All nuisances may be abated by the mere act of any individual; but, in the case of the Crown, the more proper and decorous mode of proceeding is by information in a court of justice for ascertaining the right. This may be done by information in equity as well as at law; and the nuisance may be decreed to be abated.

In the case of a purpresture, the same mode of proceeding has been held proper. In case of a decree for the Crown, an inquiry is directed whether it be most beneficial for the Crown to abate the purpresture, or to suffer the erections to remain and be arrented. Where the purpresture is also a nuisance, the Crown has not this election; for it cannot sanction a nuisance.

In the case of the Attorney-General v.
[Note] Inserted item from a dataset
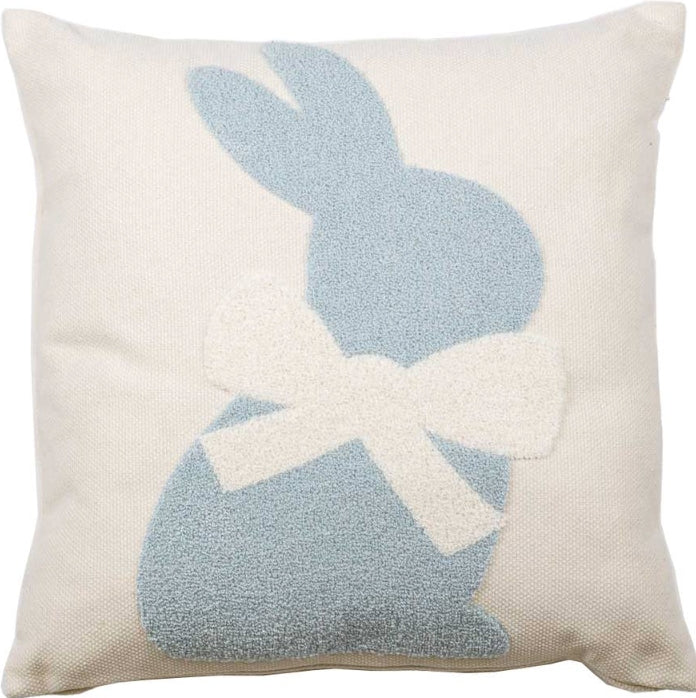 Embroidered Blue Bunny Cushion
Philpot, in this court, 8 Charles I., the information stated the Crown to be seised of the river Thames where navigable and an arm of the sea for the use of the ships resorting there; and that the Crown was also seised of the soil between high and low water-mark; that the defendants had lately encroached upon the soil of the king, and had thereby stopped the course of the river, and rendered it less convenient for shipping and for their mooring in the pool. The information therefore prayed that the encroachment might be declared a purpresture, and be abated as such. The defendants set up a defence that they had the leave of the High Admiral, and that their encroachment was no damage to the shipping. The court declared that purprestures on navigable rivers ought to be abated. They accordingly directed a commission to inquire whether the fact complained of was a purpresture. The commissioners returned that it was, and the encroachment was abated.1

So in the case of City of Bristol v. Morgan, cited in Lord Hale's treatise De Portibus Maris, p. 81. The bill stated the benefit of navigable rivers for commerce, and the right to have all purprestures therein abated. It was proved that the defendants had erected houses on the banks of the Avon, so as to streighten the river, and to incommode the passage to and from the shipping to the shore: that these houses also intercepted the commerce to the town, and tended to defraud the revenue. The encroachments were ordered to be abated, on the ground of the damage to the city; but were never destroyed, some composition having probably been entered into. A similar case is there cited to have been determined between the town of Newcastle and Johnson relative to the right of towage on the river Tyne.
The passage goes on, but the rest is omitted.